そんなAさんは、試合のあとの打ち上げで、相手チームに2連勝した嬉しさも手伝って、仲間が何気なくいった一言、

「俺、毎日野球やって生きていきたいよ。こんなおもろいもん、なかなかないぜ!」

 これを聞いて、Aさんは痛く感激した。

「そうだ。俺だって野球で飯を食っていきたい」

 それ以来、本気の起業モードになったAさんは、たくさんの起業本を読み漁り、野球の情報をネットで配信して稼ぐ手段を思いつく。やってみると、さすが野球好きだけあって、その情報量はなかなかのもので、夜コツコツと書き溜めたブログや、プロ野球の情報、分析、なんやかんやで、膨大な情報量の野球サイトを1年で作り上げてしまった。

そこまでいくと、ネットの世界でも少しは有名なサイトになり、広告収入や、他の野球関連のメディアからの執筆依頼もあり、見事Aさんは、堂々たる独立を果たすことになるのである。

が・・・よかったのはここまで。

 「毎日野球漬けの日々を送る」ために起業を目指したAさんは、1年間、どんな誘惑にも目もくれず、そのための努力を続けてきたが、ふとその目的を達成した瞬間に、

 「毎日野球漬けの生活になったのに、全然楽しくも面白くもない」

そんな自分に気づいてしまう。そこからのAさんの仕事ぶりは、目を覆いたくなるほどの凋落ぶりで、ブログも、プロ野球分析も精彩を欠き、独立からわずか半年で、ファンを失い、クライアントを失い、収入が激減してしまった。

さて、このAさんが失敗した原因は何か?

 それは、「野球が好き」というキーワードでビジネスを始めてしまったこと。
 本当は、「野球をプレイするのが好き」というところまで、自分の「好き」を分析するべきだったのです。
 Aさんは、野球をプレイして楽しむのが好きなだけで、文章を書くことや、取材、分析することには、何の興味も持っていなかったのです。まして、苦労をして自分の思い、考えを人に伝えることに何の楽しさも感じていなかったのです。

 この例のように、好きの本質を取り違えると、好きでやったつもりが、好きでも何でもないビジネスを作り上げることになりかねません。

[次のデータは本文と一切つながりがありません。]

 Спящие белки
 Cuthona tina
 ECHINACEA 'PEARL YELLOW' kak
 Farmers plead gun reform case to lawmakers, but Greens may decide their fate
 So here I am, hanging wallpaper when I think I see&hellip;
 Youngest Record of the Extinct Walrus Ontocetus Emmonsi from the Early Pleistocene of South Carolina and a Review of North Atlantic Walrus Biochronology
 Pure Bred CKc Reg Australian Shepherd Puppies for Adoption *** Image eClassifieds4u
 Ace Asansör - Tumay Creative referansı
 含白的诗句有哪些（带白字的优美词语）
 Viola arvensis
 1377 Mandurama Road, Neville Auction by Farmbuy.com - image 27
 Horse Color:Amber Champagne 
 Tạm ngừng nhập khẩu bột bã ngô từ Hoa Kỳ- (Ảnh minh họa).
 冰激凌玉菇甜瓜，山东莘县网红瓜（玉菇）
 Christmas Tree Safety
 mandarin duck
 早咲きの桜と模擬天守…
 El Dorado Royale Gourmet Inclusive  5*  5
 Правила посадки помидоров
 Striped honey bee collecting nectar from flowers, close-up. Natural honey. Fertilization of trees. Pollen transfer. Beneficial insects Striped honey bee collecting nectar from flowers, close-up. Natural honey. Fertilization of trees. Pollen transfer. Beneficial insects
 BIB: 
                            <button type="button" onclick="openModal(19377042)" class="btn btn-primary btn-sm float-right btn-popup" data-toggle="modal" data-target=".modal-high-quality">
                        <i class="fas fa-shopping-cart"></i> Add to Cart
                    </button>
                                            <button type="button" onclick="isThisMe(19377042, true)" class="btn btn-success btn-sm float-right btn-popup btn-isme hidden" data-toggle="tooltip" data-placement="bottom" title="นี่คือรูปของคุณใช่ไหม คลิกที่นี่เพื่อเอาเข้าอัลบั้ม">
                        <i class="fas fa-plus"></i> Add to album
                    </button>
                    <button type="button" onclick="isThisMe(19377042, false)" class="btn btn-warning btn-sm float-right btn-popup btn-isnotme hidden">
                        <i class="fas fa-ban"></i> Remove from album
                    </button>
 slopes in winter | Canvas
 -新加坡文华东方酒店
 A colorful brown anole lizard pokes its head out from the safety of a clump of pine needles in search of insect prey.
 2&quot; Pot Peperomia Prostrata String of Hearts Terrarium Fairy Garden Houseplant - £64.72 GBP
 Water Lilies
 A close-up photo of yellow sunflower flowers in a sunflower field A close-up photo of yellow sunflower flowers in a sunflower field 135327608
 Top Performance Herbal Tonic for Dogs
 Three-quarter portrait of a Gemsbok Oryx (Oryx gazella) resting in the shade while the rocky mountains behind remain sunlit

 しかし、ここで、もうひと踏ん張り考えるべきことがあります。それは、

Aさんはビジネスには成功した

 という点です。Aさんは、ここでやる気をなくさず、稼げているうちに、自分のノウハウを使って第三者に手伝ってもらう方法を思いついていたらどうだったでしょう。野球好きで、分析したり文章にまとめるのが得意な人を見つけて協力してもらっていたら、Aさんのビジネスは、ますます発展していったかもしれませんね。

起業の罠 その2 好きが嫌いになるケース

 次は歴史好きのBさんの話です。
 彼は、社会人に成りたての頃、うまく職場になじめず、かといって遊んで憂さをはらすタイプでもなく、もっぱら本を読むことで、日々のつらい気持ちを慰めていました。そんなとき出会ったのが、古代史を扱ったきれいな写真や図版がぎっしり詰まった大型のムックです。手に汗握る古代の人々の争乱のストーリーや、美しい壁画の写真、雄大な遺跡の数々。Bさんは、あっという間に古代史のとりこになってしまいました。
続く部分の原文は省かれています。